Dies gelte auch dann, wenn die zuständigen Behörden der beiden Mitgliedstaaten – wie hier – die Verwaltungskommission für die Koordinierung der Systeme der sozialen Sicherheit angerufen haben und diese zu dem Ergebnis gelangt ist, dass die Bescheinigung zu Unrecht ausgestellt worden sei und widerrufen werden sollte, so der EuGH weiter. Denn die Rolle der Verwaltungskommission beschränke sich in diesem Rahmen auf eine Annäherung der Standpunkte der zuständigen Behörden der Mitgliedstaaten, die sie angerufen hätten, und ihre Schlussfolgerungen hätten den Stellenwert einer Stellungnahme.

A1-Bescheinigung kann Rückwirkung entfalten

Ferner stellt der EuGH fest, dass eine A1-Bescheinigung Rückwirkung entfalten könne, auch wenn zum Zeitpunkt ihrer Ausstellung der zuständige Träger des Mitgliedstaats, in dem die Tätigkeit ausgeübt werde (Österreich), bereits entschieden habe, dass der betreffende Arbeitnehmer der Pflichtversicherung dieses Mitgliedstaats unterliegt.

Grundsätzlich Sozialversicherungssystem am Arbeitsort maßgeblich

Darüber hinaus kommt der EuGH zu dem Ergebnis, dass ein entsandter Arbeitnehmer, der einen von einem anderen Arbeitgeber entsandten Arbeitnehmer ablöst, nicht weiterhin den Rechtsvorschriften des Mitgliedstaats unterliegen könne, in dem sein Arbeitgeber gewöhnlich tätig sei. Denn in der Regel unterliege ein Arbeitnehmer dem System der sozialen Sicherheit des Mitgliedstaats, in dem er arbeite, um insbesondere die Gleichbehandlung aller im Hoheitsgebiet eines Mitgliedstaats erwerbstätigen Personen am besten zu gewährleisten.

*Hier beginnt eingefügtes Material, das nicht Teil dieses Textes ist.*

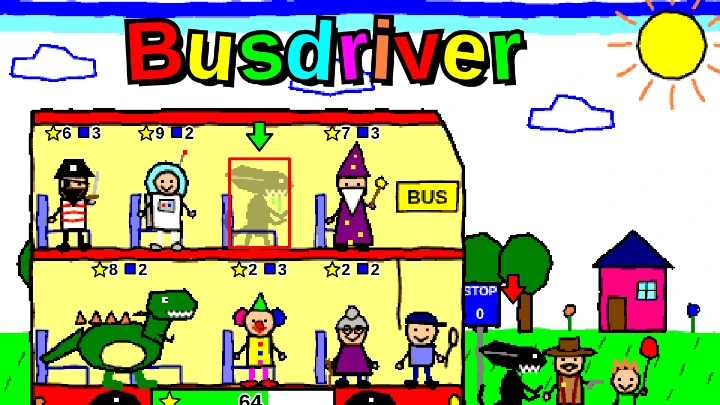 Busdriver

Keine Ausnahme bei ablösenden Entsendearbeitnehmern

Nur unter bestimmten Umständen habe der Unionsgesetzgeber die Möglichkeit vorgesehen, dass ein entsandter Arbeitnehmer weiterhin dem System der sozialen Sicherheit des Mitgliedstaats unterliegt, in dem sein Arbeitgeber gewöhnlich tätig sei. Ausgeschlossen habe der Verordnungsgeber diese Möglichkeit, wenn der entsandte Arbeitnehmer eine andere Person ablöst. Ein solcher Fall liege vor, wenn ein von einem Arbeitgeber zur Ausführung einer Arbeit in einen anderen Mitgliedstaat entsandter Arbeitnehmer dort einen anderen, von einem anderen Arbeitgeber entsandten Arbeitnehmer ablöst. Dabei spiele es keine Rolle, ob die Arbeitgeber der beiden betreffenden Arbeitnehmer ihren Sitz im selben Mitgliedstaat haben oder ob zwischen ihnen personelle oder organisatorische Verflechtungen bestehen.

EuGH, Urteil vom 06.09.2018 - C-527/16

Redaktion beck-aktuell, 6. September 2018.